X Corp. is likely to succeed in showing that the Content Category Report provisions facially violate the First Amendment….
[T]he Content Category Reports are not commercial speech. They require a company to recast its content-moderation practices in language prescribed by the State, implicitly opining on whether and how certain controversial categories of content should be moderated. As a result, few indicia of commercial speech are present in the Content Category Reports.
First, the Content Category Reports do not satisfy the "usual[ ] defin[ition]" of commercial speech—i.e., "speech that does no more than propose a commercial transaction." The State appears to concede as much in its answering brief.
To the extent our circuit has recognized exceptions to that general rule, those exceptions are limited and are inapplicable to the Content Category Reports here. For example, as identified by the First Amendment and Internet Law Scholars amici, we have characterized the following speech as commercial even if not a clear fit with the Supreme Court's above articulation: (i) targeted, individualized solicitations; contract negotiations, and retail product warnings. Though it does not directly or exclusively propose a commercial transaction, all of this speech communicates the terms of an actual or potential transaction. But the Content Category Reports go further: they express a view about those terms by conveying whether a company believes certain categories should be defined and proscribed.
Second, the Content Category Reports fail to satisfy at least two of the three Bolger v. Youngs Drug Products (1983) factors. The compelled disclosures are not advertisements. Nor do the Content Category Reports merely disclose existing commercial speech, so a social media company has no economic motivation in their content. The district court found the same. The State does not dispute the district court's finding on appeal. Although the Bolger factors are not dispositive, they are "important guideposts" to the analysis and, here, further support the conclusion that the compelled speech is non-commercial.
Third, while a social media platform's existing TOS and content moderation policies may be commercial speech, its opinions about and reasons for those policies are different in character and kind. The Content Category Report provisions would require a social media company to convey the company's policy views on intensely debated and politically fraught topics, including hate speech, racism, misinformation, and radicalization, and also convey how the company has applied its policies.
The State suggests that this requirement is subject to lower scrutiny because "it is only a transparency measure" about the product. But even if the Content Category Report provisions concern only transparency, the relevant question here is: transparency into what? Even a pure "transparency" measure, if it compels non-commercial speech, is subject to strict scrutiny. That is true of the Content Category Report provisions. Insight into whether a social media company considers, for example, (1) a post citing rhetoric from on-campus protests to constitute hate speech; (2) reports about a seized laptop to constitute foreign political interference; or (3) posts about election fraud to constitute misinformation is sensitive, constitutionally protected speech that the State could not otherwise compel a social media company to disclose without satisfying strict scrutiny.

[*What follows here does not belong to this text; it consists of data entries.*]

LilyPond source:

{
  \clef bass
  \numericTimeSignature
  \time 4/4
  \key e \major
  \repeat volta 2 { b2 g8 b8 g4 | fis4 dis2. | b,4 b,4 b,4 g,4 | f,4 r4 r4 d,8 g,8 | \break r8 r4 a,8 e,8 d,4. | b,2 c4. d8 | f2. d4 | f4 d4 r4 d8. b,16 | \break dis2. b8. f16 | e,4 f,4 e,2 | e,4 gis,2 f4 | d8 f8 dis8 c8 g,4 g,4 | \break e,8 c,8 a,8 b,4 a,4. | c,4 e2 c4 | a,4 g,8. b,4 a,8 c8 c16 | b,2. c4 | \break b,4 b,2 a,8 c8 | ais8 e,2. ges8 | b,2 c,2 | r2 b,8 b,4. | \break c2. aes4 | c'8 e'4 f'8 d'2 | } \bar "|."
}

The mere fact that those beliefs are memorialized in the company's content moderation policy does not, by itself, convert expression about those beliefs into commercial speech. As X Corp. argues in its reply brief, such a rule would be untenable. It would mean that basically any compelled disclosure by any business about its activities would be commercial and subject to a lower tier of scrutiny, no matter how political in nature. Protection under the First Amendment cannot be vitiated so easily.
{For substantially the same reason, nor can the test for whether speech is commercial or non-commercial turn on whether the speech is "directed to potential consumers and may presumably play a role in the decision of whether to use the platform," as the district court seemed to suggest. Consider, for example, a state law that compels a social media company to disclose the political affiliations of its managers. That information could conceivably "play a role in the [potential consumer's] decision of whether to use the platform"—i.e., if the consumer is concerned about the platform's content being politically skewed. It could not be that such a law compels only commercial speech subject to a lower tier of scrutiny.} …

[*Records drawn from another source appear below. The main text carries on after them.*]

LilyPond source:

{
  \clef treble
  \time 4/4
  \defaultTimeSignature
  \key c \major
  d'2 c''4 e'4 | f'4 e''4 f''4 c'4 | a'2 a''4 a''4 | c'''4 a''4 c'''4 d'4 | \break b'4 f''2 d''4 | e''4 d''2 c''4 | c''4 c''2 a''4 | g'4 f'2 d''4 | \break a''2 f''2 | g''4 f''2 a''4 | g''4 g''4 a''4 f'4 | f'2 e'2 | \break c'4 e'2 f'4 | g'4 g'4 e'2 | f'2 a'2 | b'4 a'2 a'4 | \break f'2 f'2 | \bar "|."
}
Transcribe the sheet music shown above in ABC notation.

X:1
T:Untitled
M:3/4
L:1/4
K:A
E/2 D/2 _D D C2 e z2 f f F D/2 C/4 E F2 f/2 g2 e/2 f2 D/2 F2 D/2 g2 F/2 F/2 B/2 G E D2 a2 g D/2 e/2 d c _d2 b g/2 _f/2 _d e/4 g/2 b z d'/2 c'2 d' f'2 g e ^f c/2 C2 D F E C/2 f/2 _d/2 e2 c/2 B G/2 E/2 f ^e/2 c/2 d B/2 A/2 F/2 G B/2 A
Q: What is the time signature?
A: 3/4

[N]either the Fifth nor Eleventh Circuit [in the NetChoice cases] dealt with speech similar to the Content Category Reports. Unlike Texas HB 20 or Florida SB 7072, the Content Category Report provisions compel social media companies to report whether and how they believe particular, controversial categories of content should be defined and regulated on their platforms. Neither the Texas nor Florida provisions at issue in the NetChoice cases require a company to disclose the existence or substance of its policies addressing such categories. Though perhaps relevant to an analysis of [other sections], these cases are unhelpful on the issue of the Content Category Reports and offer no compelling reason to apply Zauderer.

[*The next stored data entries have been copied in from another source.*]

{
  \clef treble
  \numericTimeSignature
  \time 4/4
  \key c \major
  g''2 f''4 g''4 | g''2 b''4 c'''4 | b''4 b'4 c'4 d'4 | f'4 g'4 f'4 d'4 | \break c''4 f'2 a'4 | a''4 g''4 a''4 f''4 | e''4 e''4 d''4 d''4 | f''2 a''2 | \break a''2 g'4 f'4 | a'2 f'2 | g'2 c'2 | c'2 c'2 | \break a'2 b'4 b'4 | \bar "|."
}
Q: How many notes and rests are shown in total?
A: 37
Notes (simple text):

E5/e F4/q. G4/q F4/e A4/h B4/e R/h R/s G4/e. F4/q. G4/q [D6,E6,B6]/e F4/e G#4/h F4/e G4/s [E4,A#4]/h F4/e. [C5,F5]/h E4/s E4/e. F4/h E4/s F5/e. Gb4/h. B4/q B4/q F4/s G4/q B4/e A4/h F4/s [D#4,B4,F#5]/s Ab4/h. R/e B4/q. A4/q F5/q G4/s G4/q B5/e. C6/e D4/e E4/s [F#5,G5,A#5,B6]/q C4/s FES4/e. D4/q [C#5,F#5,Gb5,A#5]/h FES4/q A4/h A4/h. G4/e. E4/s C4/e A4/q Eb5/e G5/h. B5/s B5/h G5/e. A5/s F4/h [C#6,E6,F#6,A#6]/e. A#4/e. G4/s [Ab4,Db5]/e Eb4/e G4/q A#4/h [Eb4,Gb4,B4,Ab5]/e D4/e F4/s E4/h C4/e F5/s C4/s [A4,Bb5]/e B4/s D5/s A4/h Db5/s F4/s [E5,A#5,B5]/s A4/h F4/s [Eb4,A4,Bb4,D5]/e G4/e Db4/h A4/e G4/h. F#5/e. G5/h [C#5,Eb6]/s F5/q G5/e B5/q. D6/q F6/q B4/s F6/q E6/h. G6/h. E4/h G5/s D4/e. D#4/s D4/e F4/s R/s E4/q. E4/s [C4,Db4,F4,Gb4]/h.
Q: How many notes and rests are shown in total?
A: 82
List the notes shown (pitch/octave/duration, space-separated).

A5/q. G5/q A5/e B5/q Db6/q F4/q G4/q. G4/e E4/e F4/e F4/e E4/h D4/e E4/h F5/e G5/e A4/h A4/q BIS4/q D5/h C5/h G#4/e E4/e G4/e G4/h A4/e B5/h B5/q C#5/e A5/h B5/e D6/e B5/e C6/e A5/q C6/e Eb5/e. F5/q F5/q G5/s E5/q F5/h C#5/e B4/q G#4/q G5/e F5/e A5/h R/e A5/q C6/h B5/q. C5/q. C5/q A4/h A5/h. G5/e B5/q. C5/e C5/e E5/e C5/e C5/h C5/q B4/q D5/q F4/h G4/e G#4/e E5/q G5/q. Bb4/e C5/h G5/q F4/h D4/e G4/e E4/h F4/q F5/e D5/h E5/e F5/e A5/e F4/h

For these reasons, we conclude that the Content Category Report provisions compel non-commercial speech. Because the provisions are content-based, which the State does not contest, they are subject to strict scrutiny….
At minimum, the Content Category Report provisions likely fail under strict scrutiny because they are not narrowly tailored. They are more extensive than necessary to serve the State's purported goal of "requiring social media companies to be transparent about their content-moderation policies and practices so that consumers can make informed decisions about where they consume and disseminate news and information." Consumers would still be meaningfully informed if, for example, a company disclosed whether it was moderating certain categories of speech without having to define those categories in a public report. Or, perhaps, a company could be compelled to disclose a sample of posts that have been removed without requiring the company to explain why or on what grounds.
{We do not opine on whether such laws would survive constitutional scrutiny. They are offered only to illustrate that the Content Category Report provisions are not narrowly tailored to the State's interest.}
In any event, the State does not attempt to argue that the law survives strict scrutiny. For the reasons above, X Corp. has shown a likelihood of success on the merits of its First Amendment claim as to [these provisions] ….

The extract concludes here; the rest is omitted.